# MCTS

`AlphaZero.MCTS`

— ModuleA generic, standalone implementation of Monte Carlo Tree Search. It can be used on any game that implements `GameInterface`

and with any external oracle.

**Oracle Interface**

An oracle can be any function or callable object.

oracle(state)

evaluates a single state from the current player's perspective and returns a pair `(P, V)`

where:

`P`

is a probability vector on`GI.available_actions(GI.init(gspec, state))`

`V`

is a scalar estimating the value or win probability for white.

## Standard Oracles

`AlphaZero.MCTS.RolloutOracle`

— Type`MCTS.RolloutOracle(game_spec::AbstractGameSpec, γ=1.) <: Function`

This oracle estimates the value of a position by simulating a random game from it (a rollout). Moreover, it puts a uniform prior on available actions. Therefore, it can be used to implement the "vanilla" MCTS algorithm.

## Environment

`AlphaZero.MCTS.Env`

— Type`MCTS.Env(game_spec::AbstractGameSpec, oracle; <keyword args>)`

Create and initialize an MCTS environment with a given `oracle`

.

**Keyword Arguments**

`gamma=1.`

: the reward discount factor`cpuct=1.`

: exploration constant in the UCT formula`noise_ϵ=0., noise_α=1.`

: parameters for the dirichlet exploration noise (see below)`prior_temperature=1.`

: temperature to apply to the oracle's output to get the prior probability vector used by MCTS.

**Dirichlet Noise**

A naive way to ensure exploration during training is to adopt an ϵ-greedy policy, playing a random move at every turn instead of using the policy prescribed by `MCTS.policy`

with probability ϵ. The problem with this naive strategy is that it may lead the player to make terrible moves at critical moments, thereby biasing the policy evaluation mechanism.

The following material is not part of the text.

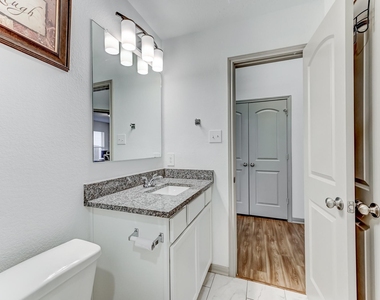 204 Shoreview Drive - Photo Thumbnail 36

A superior alternative is to add a random bias to the neural prior for the root node during MCTS exploration: instead of considering the policy $p$ output by the neural network in the UCT formula, one uses $(1-ϵ)p + ϵη$ where $η$ is drawn once per call to `MCTS.explore!`

from a Dirichlet distribution of parameter $α$.

`AlphaZero.MCTS.explore!`

— Function`MCTS.explore!(env, game, nsims)`

Run `nsims`

MCTS simulations from the current state.

`AlphaZero.MCTS.policy`

— Function`MCTS.policy(env, game)`

Return the recommended stochastic policy on the current state.

A call to this function must always be preceded by a call to `MCTS.explore!`

.

`AlphaZero.MCTS.reset!`

— Function`MCTS.reset!(env)`

Empty the MCTS tree.

## Profiling Utilities

`AlphaZero.MCTS.memory_footprint_per_node`

— Function`MCTS.memory_footprint_per_node(gspec)`

Return an estimate of the memory footprint of a single MCTS node for the given game (in bytes).

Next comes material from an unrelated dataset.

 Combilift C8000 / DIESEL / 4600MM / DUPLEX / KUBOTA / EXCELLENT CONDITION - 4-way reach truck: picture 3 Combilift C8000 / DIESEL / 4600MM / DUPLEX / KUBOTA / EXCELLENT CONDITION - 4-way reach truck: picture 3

`AlphaZero.MCTS.approximate_memory_footprint`

— Function`MCTS.approximate_memory_footprint(env)`

Return an estimate of the memory footprint of the MCTS tree (in bytes).

`AlphaZero.MCTS.average_exploration_depth`

— Function`MCTS.average_exploration_depth(env)`

Return the average number of nodes that are traversed during an MCTS simulation, not counting the root.